**INPUT DATA:**
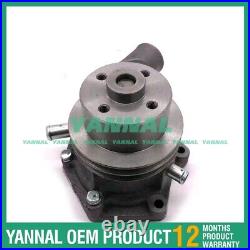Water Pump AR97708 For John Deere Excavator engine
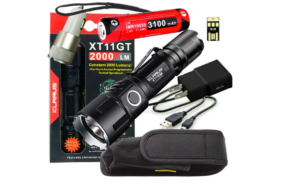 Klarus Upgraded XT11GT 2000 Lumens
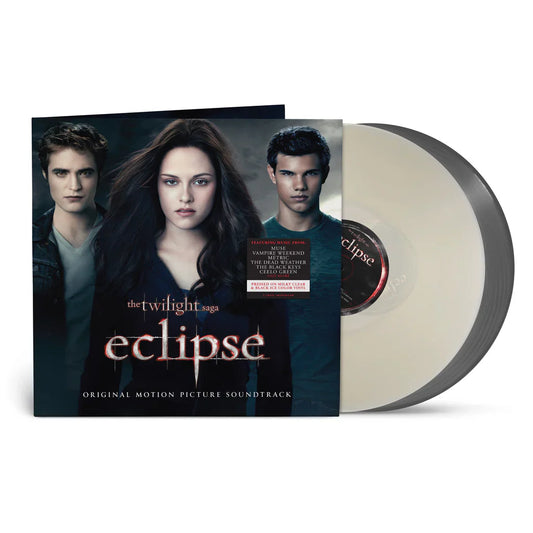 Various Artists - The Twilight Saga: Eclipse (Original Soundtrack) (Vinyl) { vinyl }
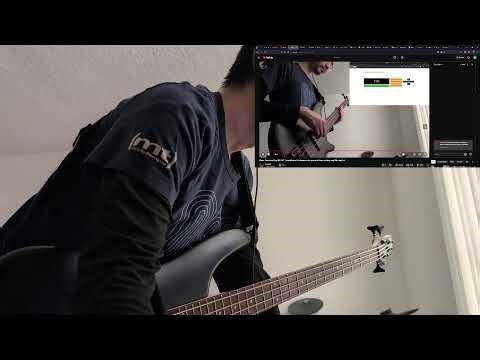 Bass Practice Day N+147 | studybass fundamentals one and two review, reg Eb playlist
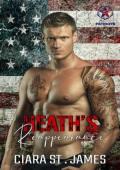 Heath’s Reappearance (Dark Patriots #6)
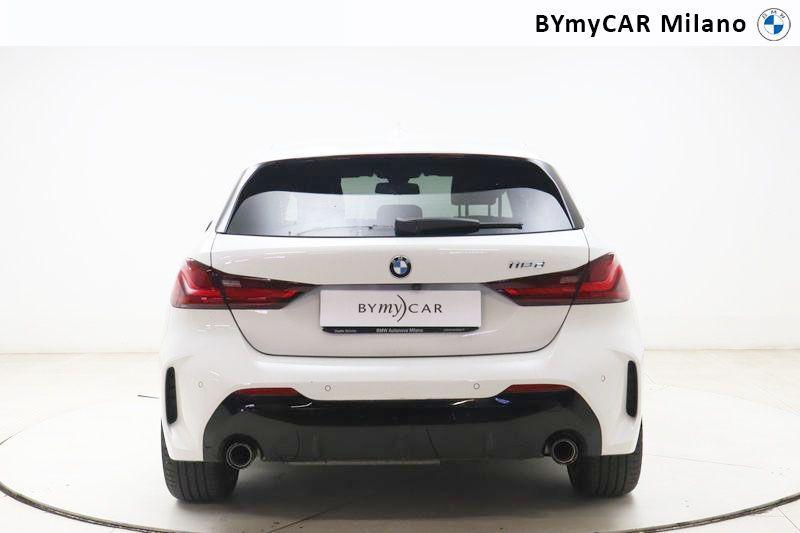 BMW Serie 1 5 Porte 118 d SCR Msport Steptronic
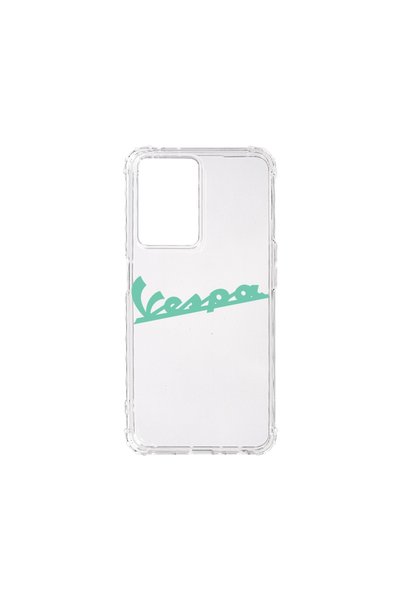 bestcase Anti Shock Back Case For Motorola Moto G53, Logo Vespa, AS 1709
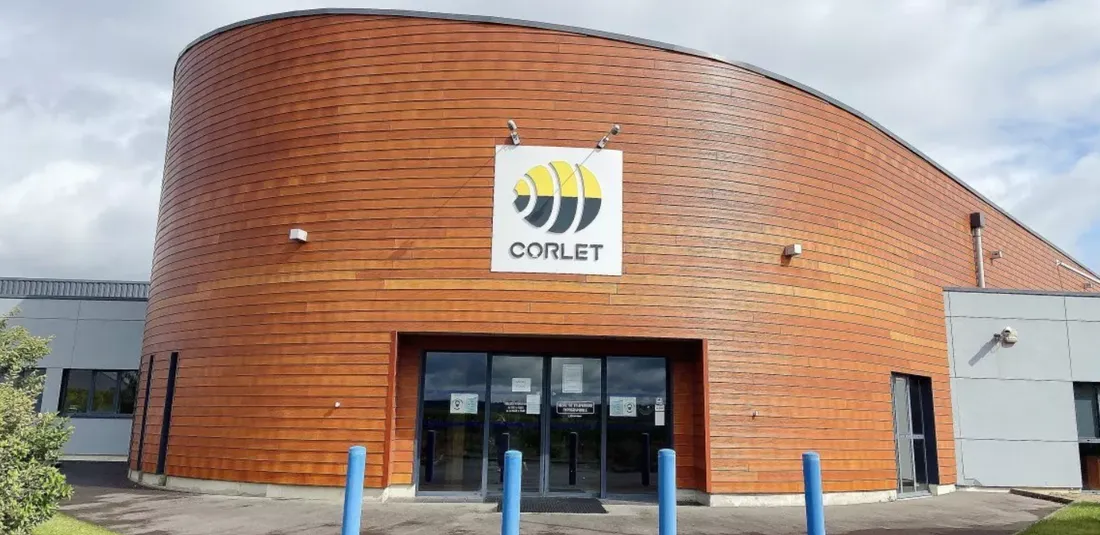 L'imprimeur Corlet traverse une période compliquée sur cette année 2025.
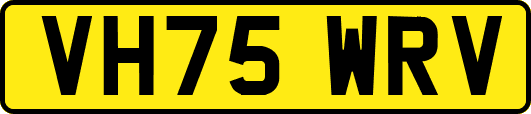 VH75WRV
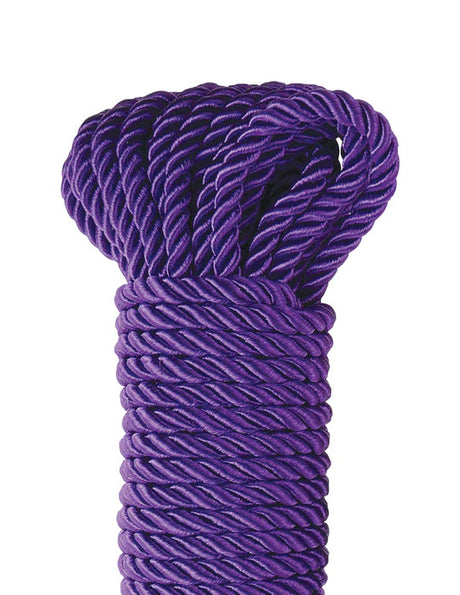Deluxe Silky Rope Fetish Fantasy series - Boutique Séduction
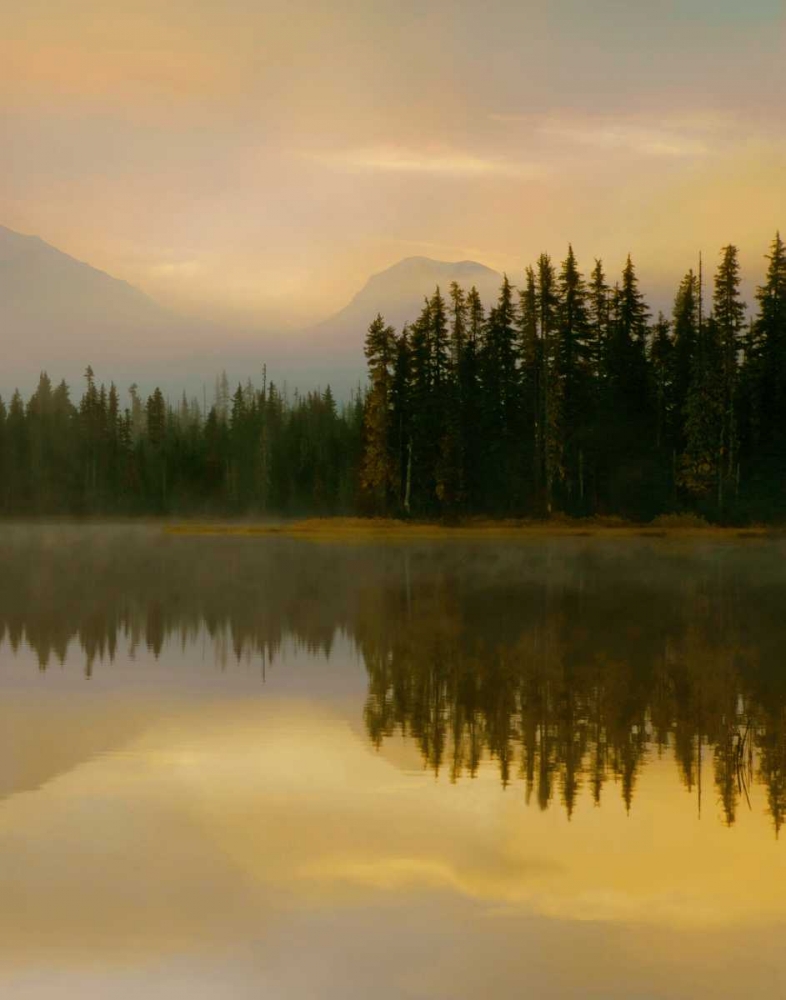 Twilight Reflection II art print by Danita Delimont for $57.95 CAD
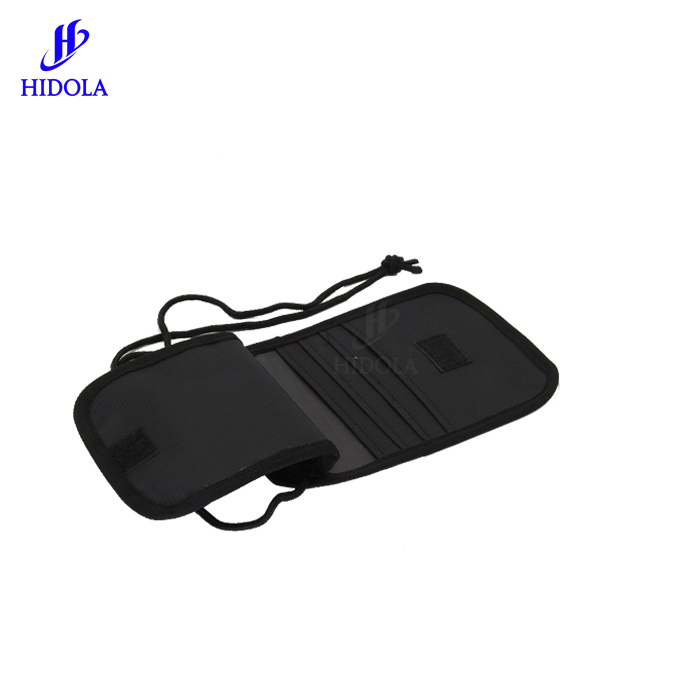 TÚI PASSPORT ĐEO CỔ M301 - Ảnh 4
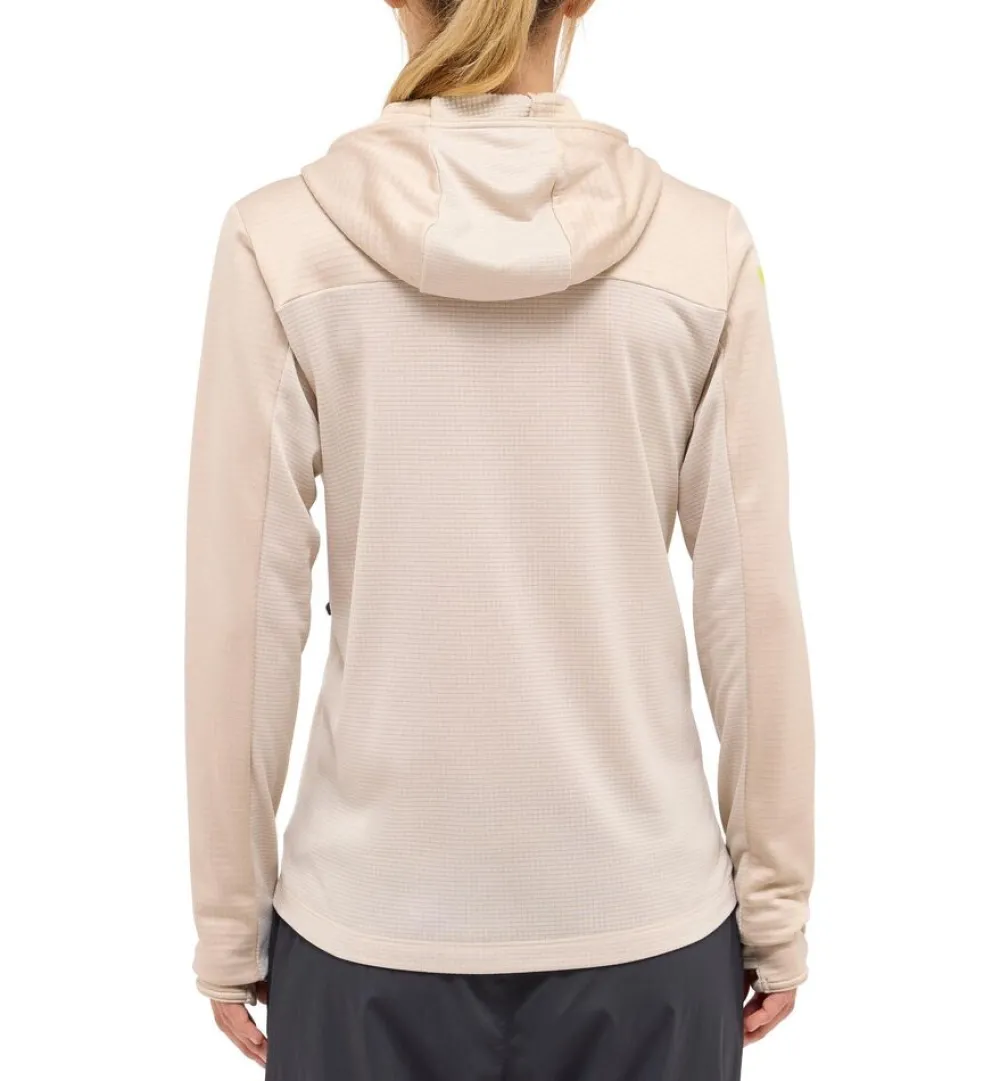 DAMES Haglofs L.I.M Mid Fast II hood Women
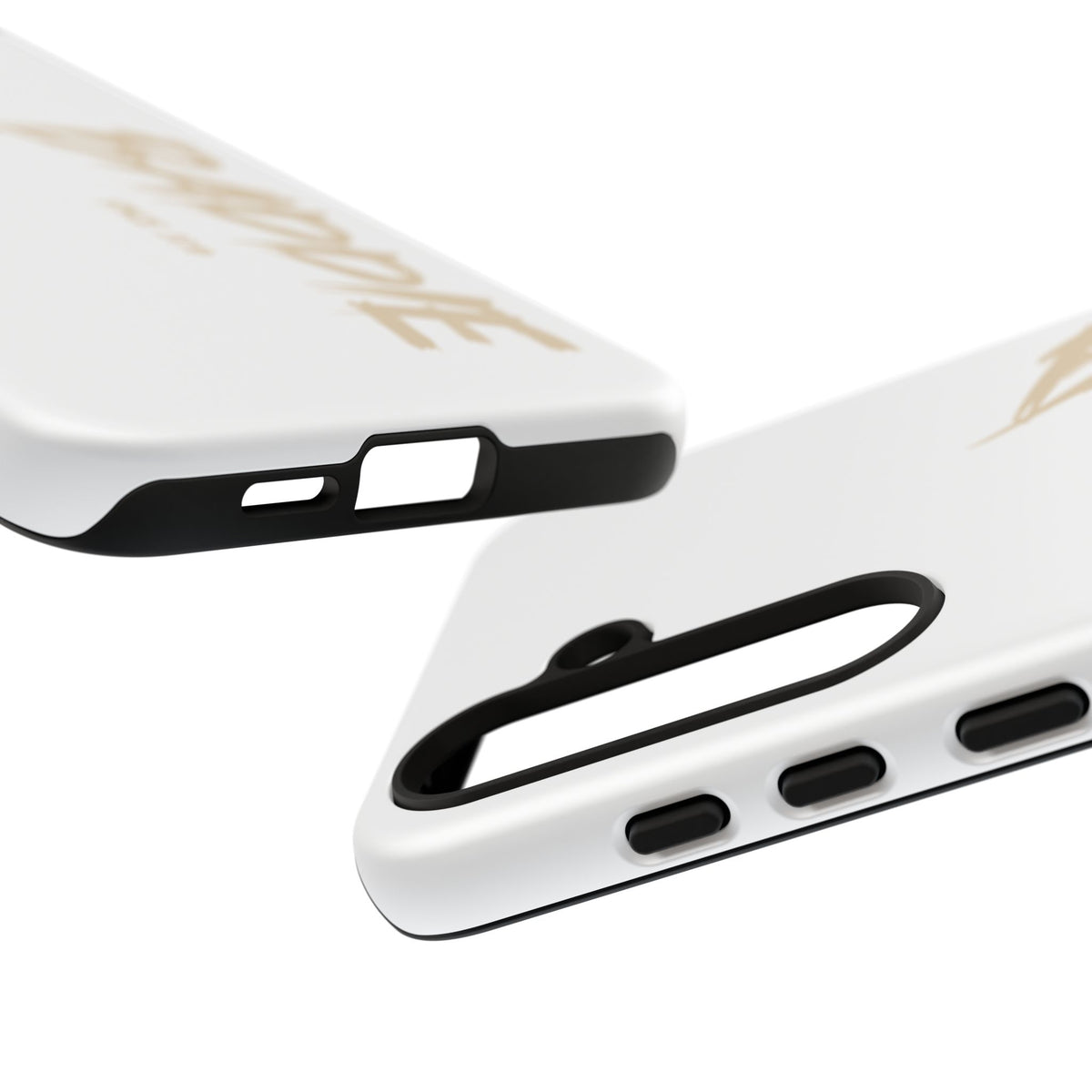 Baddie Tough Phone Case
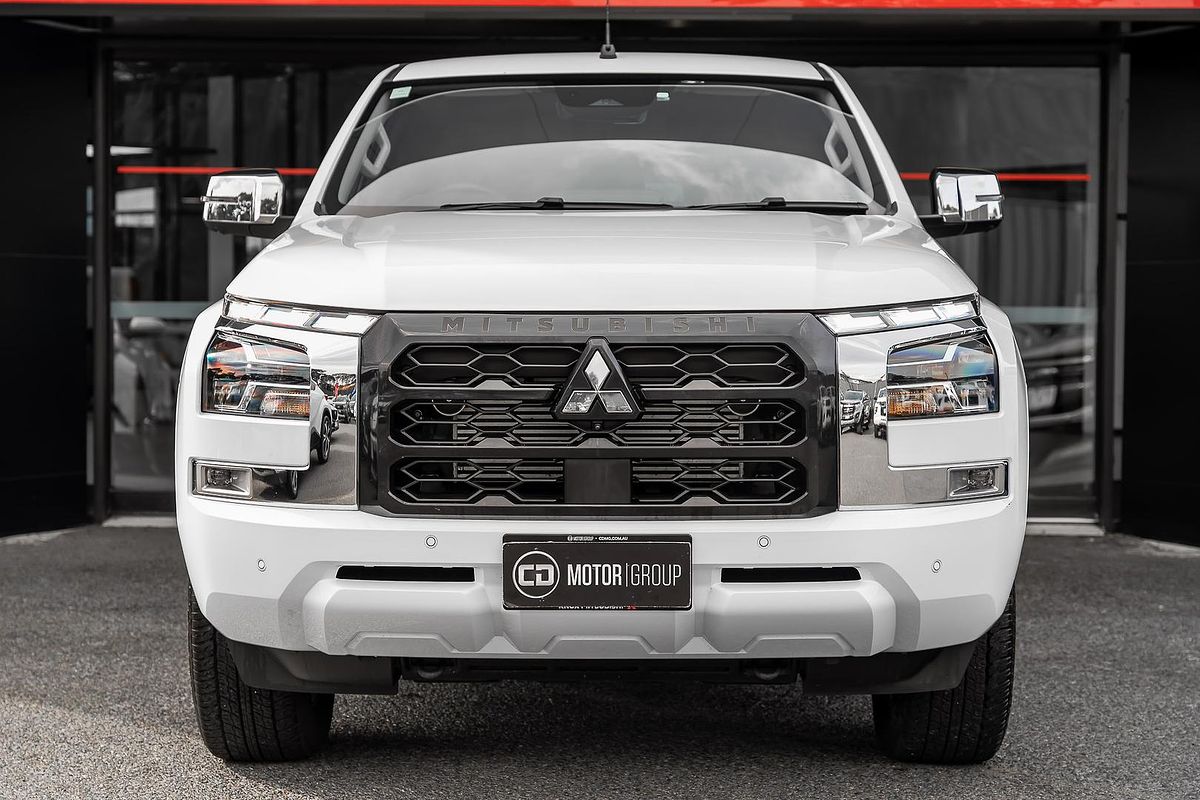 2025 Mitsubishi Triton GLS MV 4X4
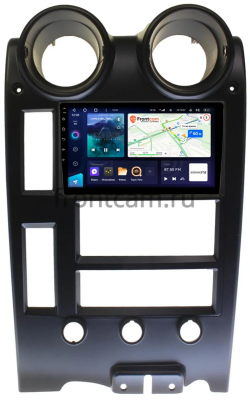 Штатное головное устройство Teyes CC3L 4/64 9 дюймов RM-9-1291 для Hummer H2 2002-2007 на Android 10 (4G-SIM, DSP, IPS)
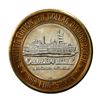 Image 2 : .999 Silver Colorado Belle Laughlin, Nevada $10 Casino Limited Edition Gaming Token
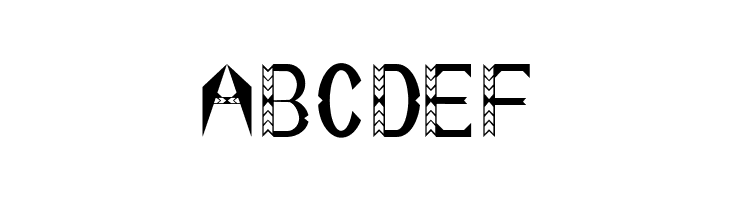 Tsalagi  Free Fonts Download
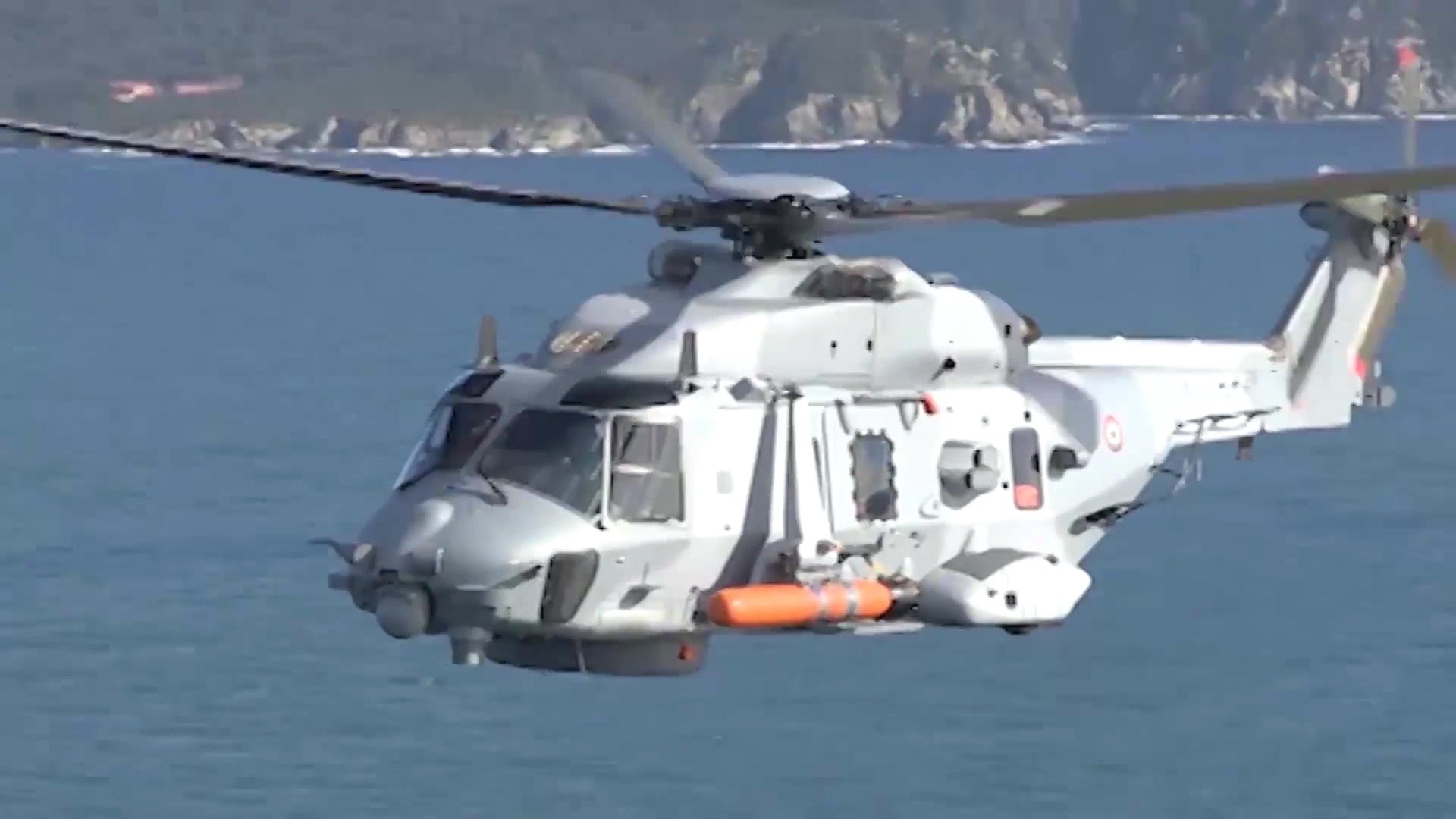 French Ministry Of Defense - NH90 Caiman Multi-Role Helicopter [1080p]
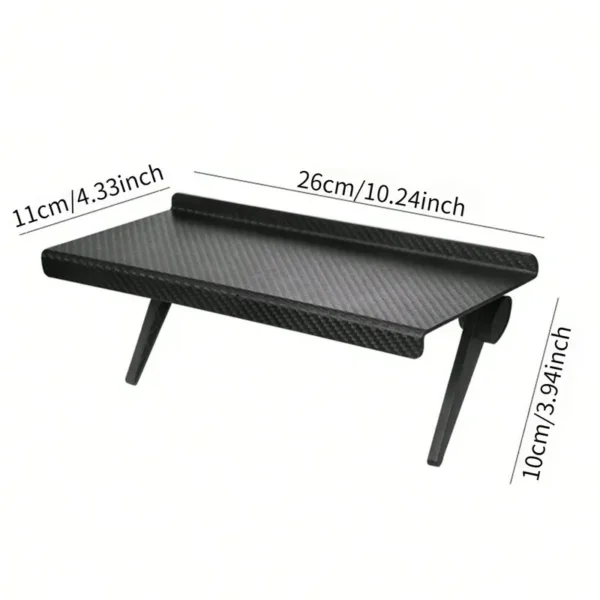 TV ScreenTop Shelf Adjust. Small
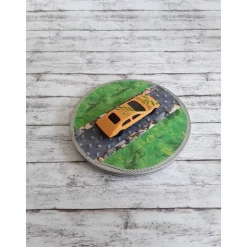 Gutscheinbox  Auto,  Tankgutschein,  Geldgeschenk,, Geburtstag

**YOUR TASK:** An exact copy of all entries is needed, with no pictures in it.

**SOLUTION:**
Water Pump AR97708 For John Deere Excavator engine
 Klarus Upgraded XT11GT 2000 Lumens
 Various Artists - The Twilight Saga: Eclipse (Original Soundtrack) (Vinyl) { vinyl }
 Bass Practice Day N+147 | studybass fundamentals one and two review, reg Eb playlist
 Heath’s Reappearance (Dark Patriots #6)
 BMW Serie 1 5 Porte 118 d SCR Msport Steptronic
 bestcase Anti Shock Back Case For Motorola Moto G53, Logo Vespa, AS 1709
 L'imprimeur Corlet traverse une période compliquée sur cette année 2025.
 VH75WRV
Deluxe Silky Rope Fetish Fantasy series - Boutique Séduction
 Twilight Reflection II art print by Danita Delimont for $57.95 CAD
 TÚI PASSPORT ĐEO CỔ M301 - Ảnh 4
 DAMES Haglofs L.I.M Mid Fast II hood Women
 Baddie Tough Phone Case
 2025 Mitsubishi Triton GLS MV 4X4
 Штатное головное устройство Teyes CC3L 4/64 9 дюймов RM-9-1291 для Hummer H2 2002-2007 на Android 10 (4G-SIM, DSP, IPS)
 Image 2 : .999 Silver Colorado Belle Laughlin, Nevada $10 Casino Limited Edition Gaming Token
 Tsalagi  Free Fonts Download
 French Ministry Of Defense - NH90 Caiman Multi-Role Helicopter [1080p]
 TV ScreenTop Shelf Adjust. Small
 Gutscheinbox  Auto,  Tankgutschein,  Geldgeschenk,, Geburtstag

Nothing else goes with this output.